Personal information
- Date of birth: October 12, 1999 (age 26)
- Place of birth: Richmond Beach, Washington, United States
- Height: 5 ft 8 in (1.72 m)
- Position: Left-back

Team information
- Current team: Tampa Bay Rowdies
- Number: 20

Youth career
- Seattle United
- 2015–2018: Washington Crossfire

College career
- Years: Team / Apps / (Gls)
- 2018–2021: Washington Huskies / 75 / (4)

Senior career*
- Years: Team / Apps / (Gls)
- 2019: Crossfire Redmond / 8 / (6)
- 2022–2023: Chicago Fire II / 37 / (5)
- 2024: Western Suburbs / 14 / (3)
- 2024–2025: Union Omaha / 39 / (2)
- 2026–: Tampa Bay Rowdies / 30 / (0)

= Charlie Ostrem =

American soccer player (born 1999)

Charlie Ostrem (born October 12, 1999) is an American professional soccer player who plays as a left-back for the Tampa Bay Rowdies in the USL Championship.

==Early career==
===Youth===
Ostrem attended Shorewood High School, whilst playing club soccer with Seattle United and Washington Crossfire, where he won the State Cup with Seattle and was a two-time Surf Cup champion.

===College & amateur===
In 2018, Ostrem attended the University of Washington to play college soccer. In four seasons with the Huskies, Ostrem made 75 appearances, scoring four goals and tallying 22 assists. While at college, Ostrem earned All-American and 2020-21 PAC-12 Defensive Player of the Year honors following a strong junior campaign, and also achieved All PAC-12 First Team recognition.

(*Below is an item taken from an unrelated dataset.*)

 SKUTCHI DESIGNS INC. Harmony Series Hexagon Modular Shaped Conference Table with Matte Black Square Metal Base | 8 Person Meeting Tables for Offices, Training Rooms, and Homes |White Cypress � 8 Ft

While at college, Ostrem also appeared for Crossfire Redmond during the NPSL 2019 season, where he netted six times in eight regular season games.

==Professional career==
===Chicago Fire II===
On January 11, 2022, Ostrem was selected 33rd overall in the 2022 MLS SuperDraft by Chicago Fire. He signed with the club's MLS Next Pro side Chicago Fire II on March 9, 2022.

===Union Omaha===
After a spell in with Western Suburbs of the New Zealand Central League, Ostrem returned to the United States on July 31, 2024, joining USL League One side Union Omaha. Upon the completion of the 2025 regular season he was awarded with the USL League One Golden Playmaker Award after finishing the season with 10 assists.

=== Tampa Bay Rowdies ===
On 7 January 2026, Ostrem transferred to Tampa Bay Rowdies in the USL Championship.